EXERCISE
Using the listing below, print the line containing "Super Collection O", the line containing "246 Rotonda Blvd", and each line between them, exactly and nothing else. Pictures stay out of the print.

SUPPLIED RECORDS
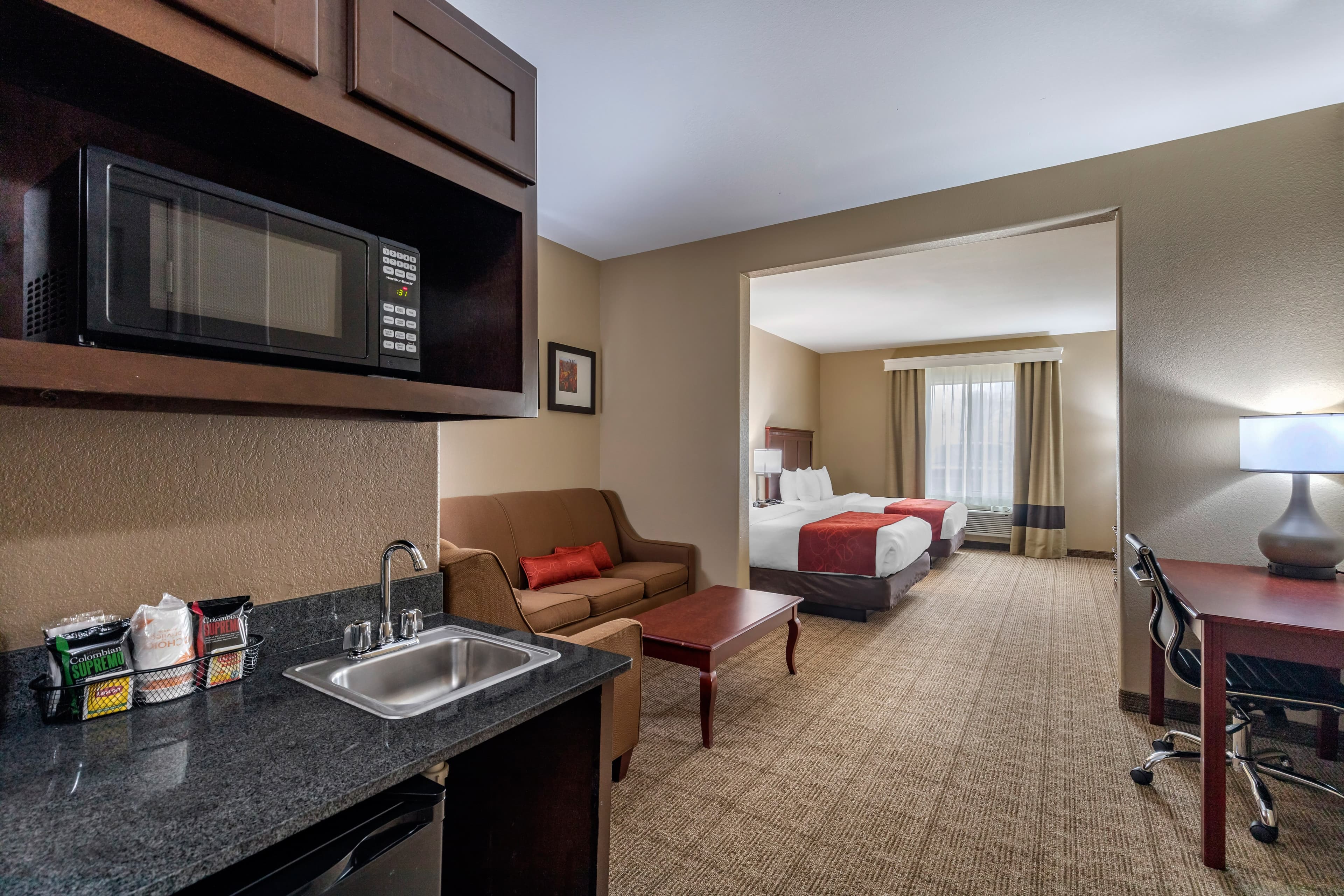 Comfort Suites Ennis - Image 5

...

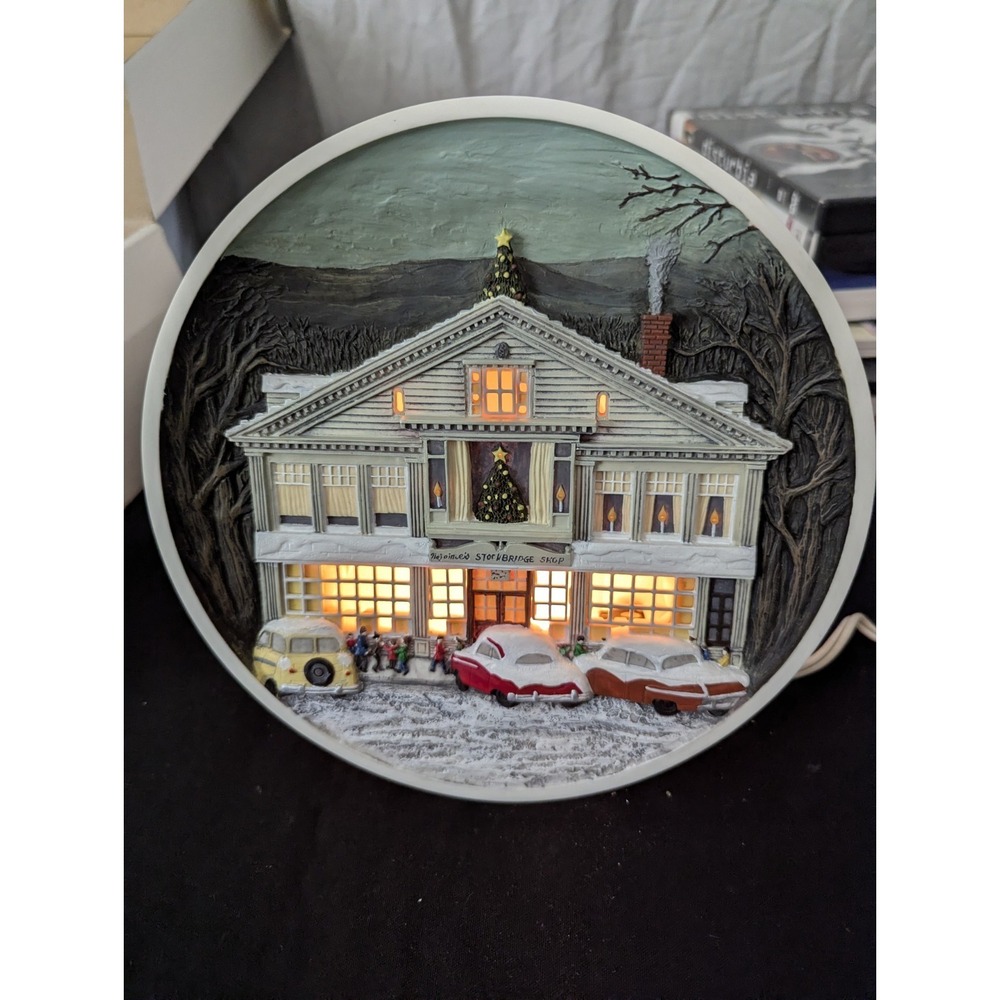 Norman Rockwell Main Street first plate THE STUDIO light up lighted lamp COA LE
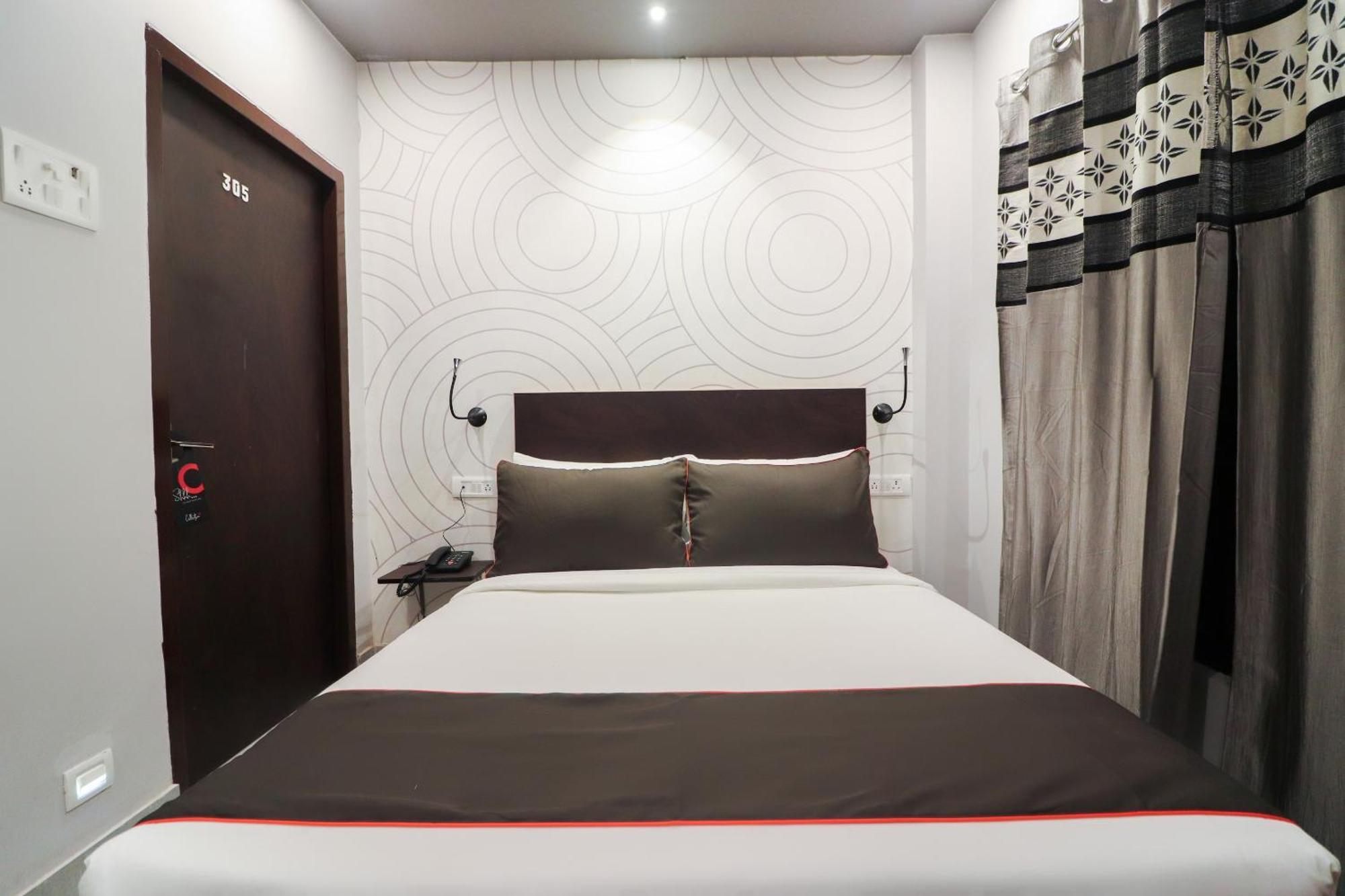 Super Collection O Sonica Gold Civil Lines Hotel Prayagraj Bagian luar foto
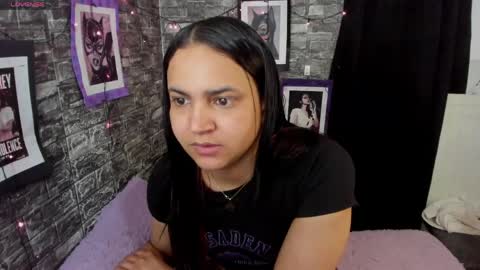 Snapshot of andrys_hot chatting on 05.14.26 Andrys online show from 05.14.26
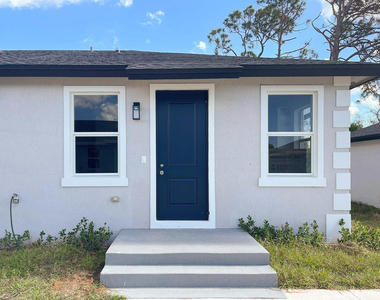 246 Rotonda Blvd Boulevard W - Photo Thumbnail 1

* * *

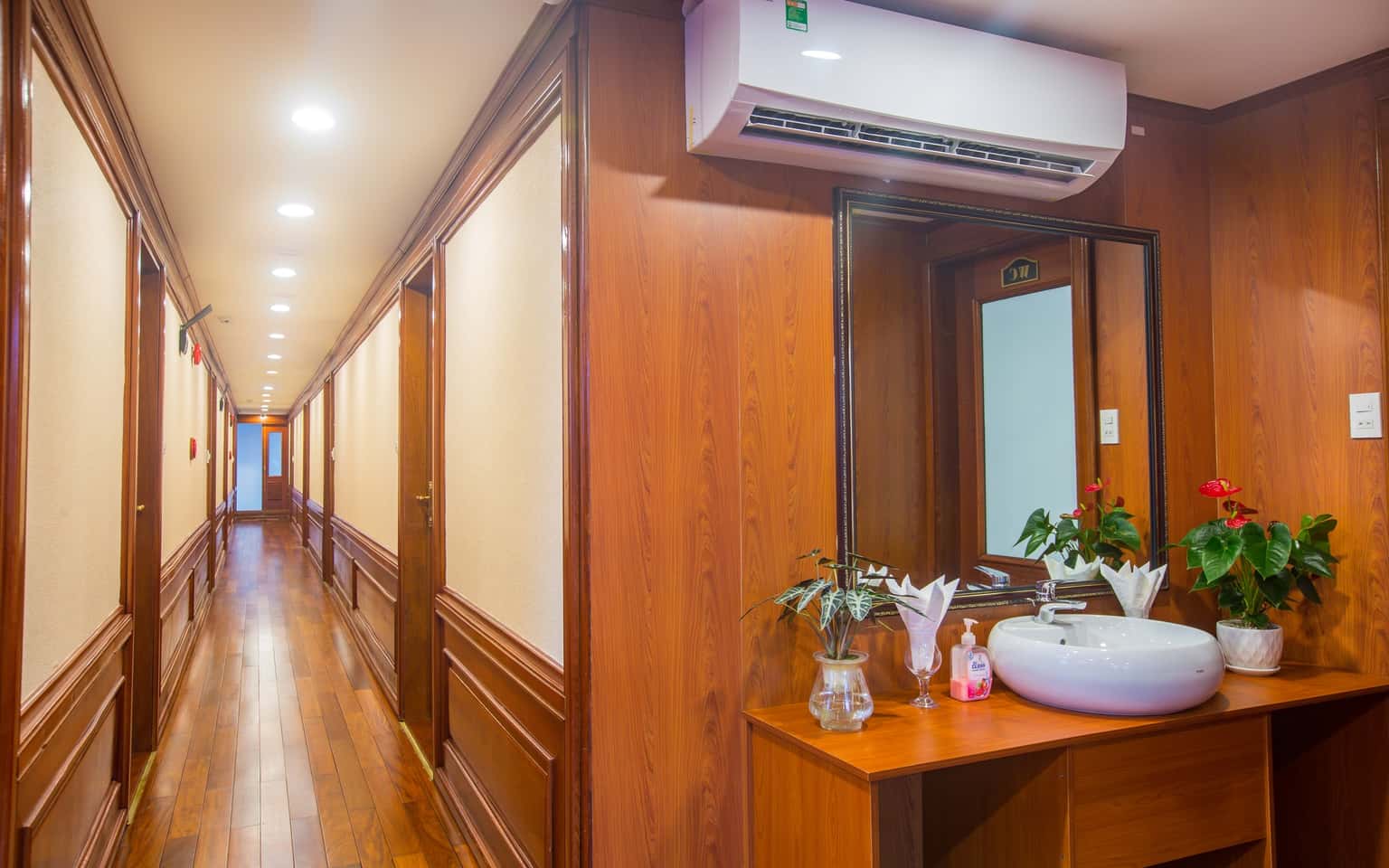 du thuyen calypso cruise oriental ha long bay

WRITTEN REPLY
 Super Collection O Sonica Gold Civil Lines Hotel Prayagraj Bagian luar foto
 Snapshot of andrys_hot chatting on 05.14.26 Andrys online show from 05.14.26
 246 Rotonda Blvd Boulevard W - Photo Thumbnail 1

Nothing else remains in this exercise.